The diner on the southbound trip did not have the chef’s special of crab cakes. The server claimed that those are put on by the commissary in New Orleans, which had failed to stock the diner well enough for the trip to Chicago and return. The crab cakes were
available on the northbound trip. I found them quite good, accompanied by a very tasty sauce. Sure, the crab cakes were not as good as the one I had in a French  Quarter bistro, but given what Amtrak has to work with that is probably not a fair comparison. It was good enough that I ordered the crab cakes on the Capitol Limited.

For the most part, the menu on the City of New Orleans was the same as that on the Capitol Limited, but with some variation. The City offered a cheddar and broccoli quiche at breakfast that was more like a casserole. It was so good that I ordered it twice. This offering was not available on the Capitol Limited, whose catch of the day at dinner was Mahi Mahi as opposed to salmon on the City of New Orleans. I sampled the salmon on the southbound trip and found it good, although not great. It was enhanced with a nice  sauce and garlic mashed potatoes. The latter tasted like homemade, not instant.

On all four trains, we had diners set up in the new configuration. I’m not sure what to think about this. Yes, it does give the diner a non-traditional look, but if you draw one of the short tables, you wind up sitting with your back to the window. That I didn’t like. Yes, I could see out the window on the opposite side of the car, but that required looking over someone else’s table.
 
I wonder if this new seating arrangement has reduced the capacity of the diner. That did not appear to be much of a problem on the City of New Orleans, but was an issue on the Capitol Limited. Shortly after leaving Chicago, a dining car employee announced he would soon come through the coaches to take dinner reservations with the earliest seating at 9 p.m. The train departs Chicago at 7:05 p.m. Serving begins as early as 6:30 p.m. but sleeping car passengers get first crack at reservations. With three sleepers on the train, there are a lot of first class passengers to feed.

The dining car guy never did come through the coaches to take reservations. When he announced the 9 p.m. seating, he apparently said something about open seating now. We went to the diner and were promptly seated. That the server never came through the coaches was hardly surprising. With just two servers and seatings every half-hour I just didn’t see where there would be time for anyone to break away to the three coaches to take dinner reservations. On nights like these, the diner could use some more help.

If you have not dined on Amtrak lately, they are still using the paper plates and stainless steel silverware with cloth napkins at some meals. This does not appear to compromise the quality of the food much, although real china would be better.

The on-board personnel of the City of New Orleans in particular was friendly and accommodating. There were coach attendants on the Capitol Limited, but they never seemed to be around much and I had no dealing with them. 

New Orleans Union Passenger Terminal has a first class lounge called the Magnolia Room.

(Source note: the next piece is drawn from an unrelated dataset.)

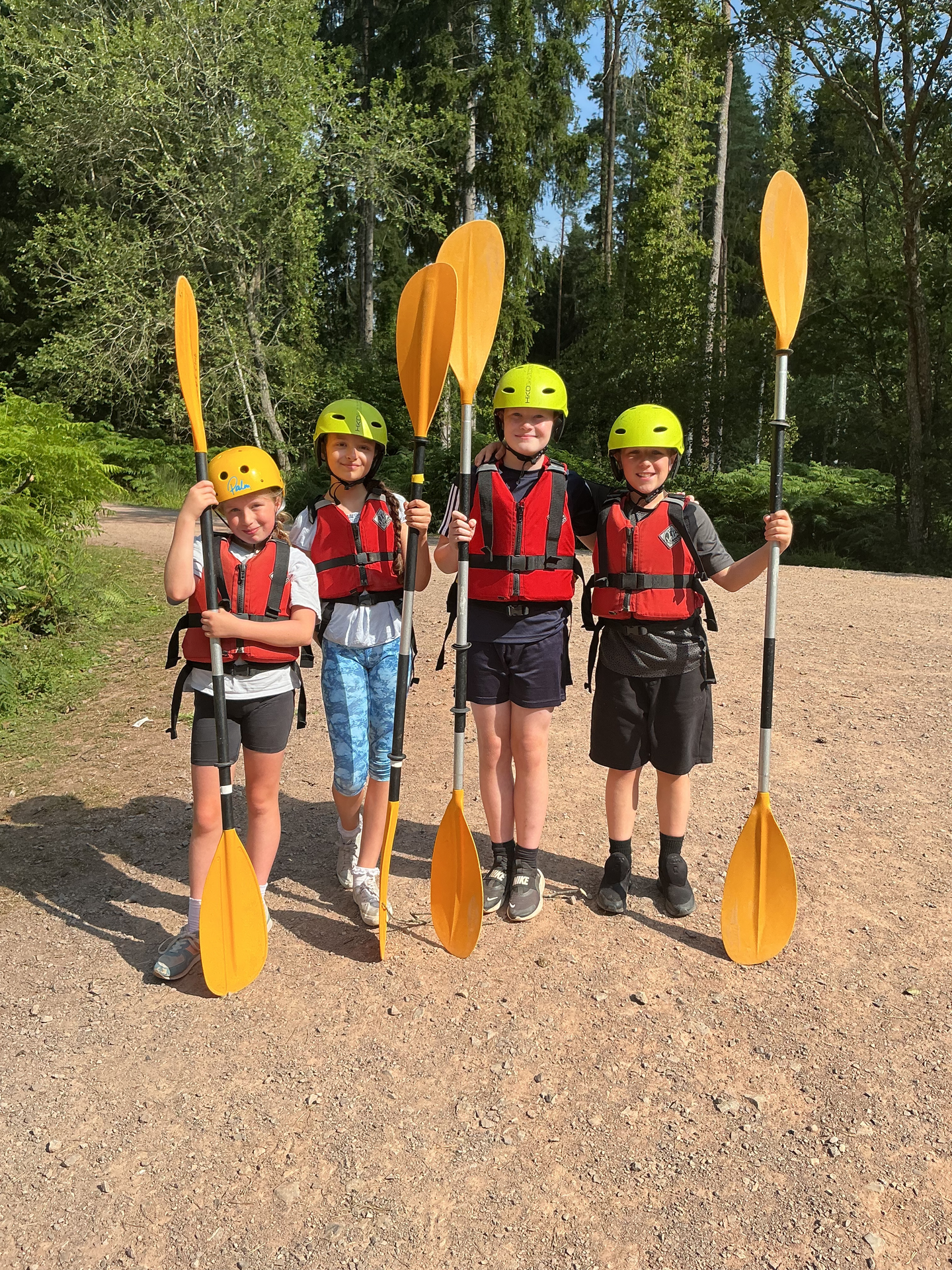 Kayaking at Mallards Pike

It is not staffed and you enter it by punching in a code that you must get from the ticket counter. It was a nice lounge, although it does not have enough chairs. Also, if you don’t wish to watch TV you are out of luck.

From my observations, all of the trains were full or near capacity. Although we had sleepers on the City of New Orleans, I heard an announcement as we sat in Chicago that the train was full and that every seat was needed. This was in March on a Monday night.
Presumably, Amtrak would be able to sell more seats during the peak travel season this summer if it has cars to add to the trains.

In summary everything worked out the way that it should. The few glitches that occurred were not significant enough to spoil our enjoyment. We both had a very good trip. This was Amtrak as good as it can be given the resources it has and the conditions under which it must operate these days.